Logistics & Distribution
Freight, selling, and distribution expenses have been growing at 15% to 20% YoY, outpacing revenue growth in some quarters and limiting operating leverage.
Strategic Growth
Expected Growth Rate
15-16%
Growth Strategy
Growth is driven by shifting the product mix toward Value-Added Products (VAP), which grew 18% YoY and contributed 38% of sales. The strategy includes expanding the retail footprint, increasing VAP revenue share to 32% by FY28, and leveraging Q-commerce which is expected to grow to INR 2,00,000 Cr by FY28.
Products & Services
Milk, Curd, Paneer, Ghee, Ice Cream, and Drinkables (Buttermilk, Lassi).
Brand Portfolio
Heritage
New Products/Services
New product launches in the VAP segment (curd, paneer, ice cream) are expected to drive gross margins from 18% (FY20) to 25% (FY28E).
Market Expansion
Expanding into 17 states with a focus on North and West India (Haryana, Maharashtra) to reduce geographic concentration in South India.
Market Share & Ranking
Holds 40% of the organized market share in Ice Cream, 14% in Curd, 4% in Paneer, and 18-19% in Ghee within its operating regions.
Strategic Alliances
Maintains a Joint Venture/Associate which contributed a share of loss of INR 6.9 Cr in FY25.
External Factors
Industry Trends
The domestic healthy food market is projected to reach USD 120.3 Bn by 2035. The dairy industry is shifting from unorganized to organized, with VAP categories like Paneer expected to grow at 23-25% CAGR over the next 7 years.
Competitive Landscape
Faces competition from both organized cooperatives and private players; responds through product differentiation and high-margin VAP focus.
Competitive Moat
31-year legacy and strong relationships with farmers across 9 states create a high barrier to entry for procurement. The brand's 40% share in the organized ice cream market provides a competitive advantage in high-margin segments.

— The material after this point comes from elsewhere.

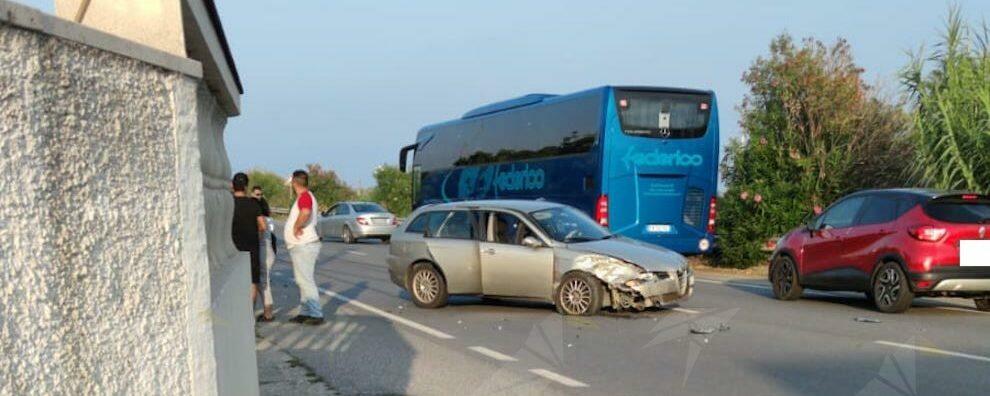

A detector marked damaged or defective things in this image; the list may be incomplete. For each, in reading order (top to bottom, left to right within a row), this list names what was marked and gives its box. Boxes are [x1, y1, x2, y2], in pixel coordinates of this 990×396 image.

crumpled car hood [568, 237, 684, 270]
damaged front bumper [572, 255, 696, 310]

Macro Economic Sensitivity
Highly sensitive to urbanization and rising disposable income, which are primary drivers for the 21-25% projected CAGR in Curd and Paneer segments.
Consumer Behavior
Shift toward branded, healthy, and convenient dairy products (VAP) and increasing adoption of Q-commerce for daily essentials.
Geopolitical Risks
Profitability is susceptible to volatility in global Skimmed Milk Powder (SMP) prices which can impact domestic realizations.
Regulatory & Governance
Industry Regulations
Complies with FSSAI quality standards and SEBI (Prohibition of Insider Trading) Regulations 2015. Maintains a Digital Structural Database for monitoring trade activities.
Environmental Compliance
The company monitors carbon footprint risks and rising emission disclosure mandates; mitigation includes continuous monitoring and potential carbon tax planning.
Taxation Policy Impact
Effective tax rate is approximately 27%, with FY25 tax at INR 70.0 Cr on PBT of INR 258.2 Cr.
Legal Contingencies
No specific pending court case values in INR were disclosed in the provided documents.
Risk Analysis
Key Uncertainties
Weather-related disruptions (rainfall/drought) can impact revenue growth by 4-5%. Cattle diseases pose a risk to milk production volumes.

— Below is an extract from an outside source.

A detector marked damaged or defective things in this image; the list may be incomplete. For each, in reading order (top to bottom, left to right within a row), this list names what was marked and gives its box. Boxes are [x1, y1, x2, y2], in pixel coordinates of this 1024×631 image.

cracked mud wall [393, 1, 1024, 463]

Geographic Concentration Risk
While selling in 17 states, a significant portion of revenue and procurement remains concentrated in Southern India.
Third Party Dependencies
Partially dependent on outsourced manufacturing for ice cream during peak seasons, though moving toward internal capacity.
Technology Obsolescence Risk
Mitigated by investing in 'Highly Tech Enabled' operations and automation in all new processing facilities.
Credit & Counterparty Risk
Receivables turnover ratio is healthy at 123.3 (FY25), indicating high quality of receivables and efficient collection.